Troell directs the film with a sure-handedness that translates to strikingly composed interior images and an irrepressible warmth for his characters — even the despicable Sigfrid. Voiceover narration from Maria’s eldest daughter, Maja (Callin Öhrvall), seems more a loyalty to the source material than a storytelling necessity, but Everlasting Moments makes nary a misstep.
The Blu-ray Disc
Everlasting Moments is presented in 1080p high definition with an aspect ratio of 1.78:1. Shot on 16mm, the film often has a rough beauty to it, and the visual presentation translates that well with its very film-like quality. The sepia tint that persists throughout the film is given even and consistent consideration throughout. Because of that, the color tone is muted most of the time, but that doesn’t prevent some high-contrast shots — particularly several in snowfall — from standing out. The image does appear to show some minor edge enhancement occasionally, and the 16mm format is responsible for some very grainy images in a few lowlight shots, but it’s certainly nothing bothersome.
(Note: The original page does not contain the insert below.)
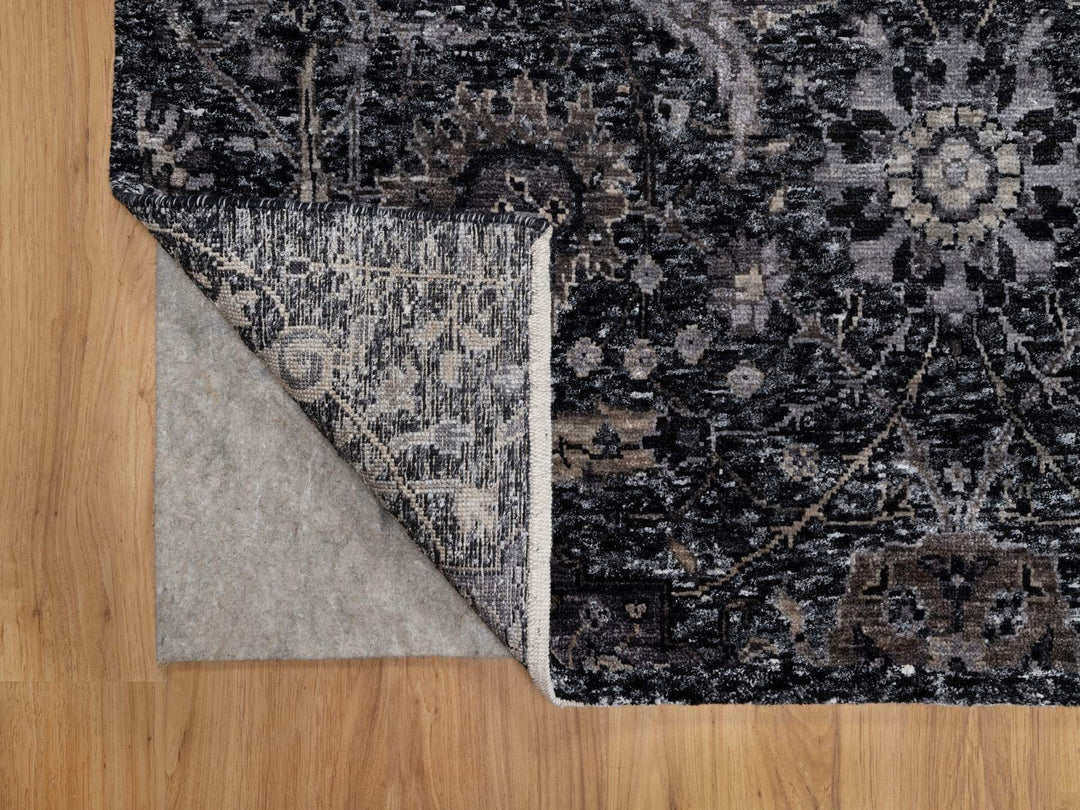 4'10" x 6'11" New Hand Knotted Black Wool & Silk Rectangle Oriental Rug - MOA10291135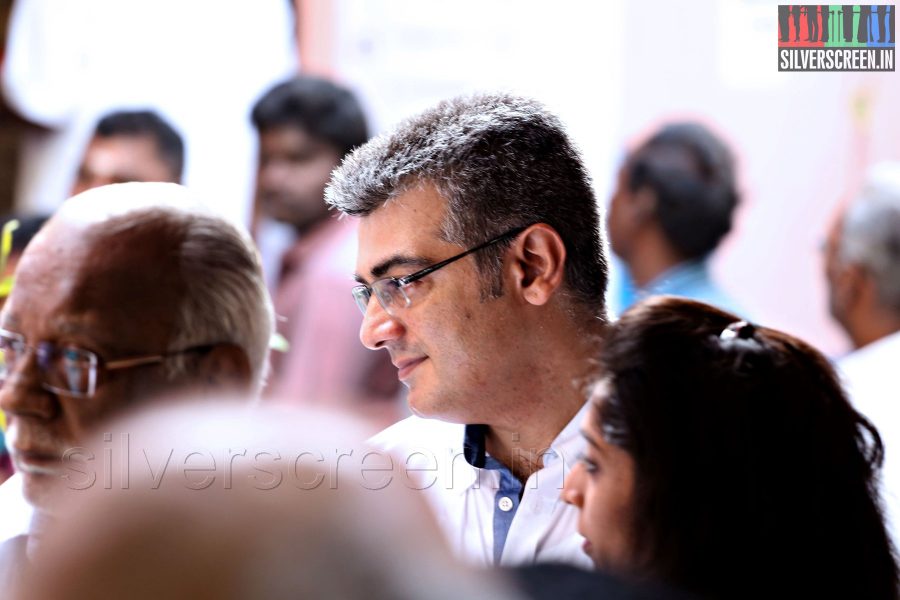 Actor Ajith Kumar and wife Shalini vote in the Lok Sabha Elections 2014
The audio is presented in a DTS-HD 5.1 track with strong, clear dialogue and score. The track uses the surrounds nicely in crowd scenes and some chaotic moments incidental to the storyline provide for some heft as well.
This is a fairly skimpy disc for Criterion, with only three supplements along with the theatrical trailer. The highlight is an hour-long doc on Troell that traces his career using interviews with him. Exploring the real-life basis for the story is a too-short piece that features narration by Troell’s wife, Agneta Ulfsäter-Troell, who is a distant relative of Larsson. This featurette displays a number of photographs from the real Larsson as well. Rounding out the disc is a fairly standard making-of that runs about 30 minutes. The set also comes with an essay from notorious contrarian Armond White, who claimed Everlasting Moments as the best film of 2009.
The Bottom Line
Everlasting Moments represents another fine acquisition for Criterion in its deal with IFC Films, and continues its recent trend of adding more excellent contemporary films to the esteemed catalogue.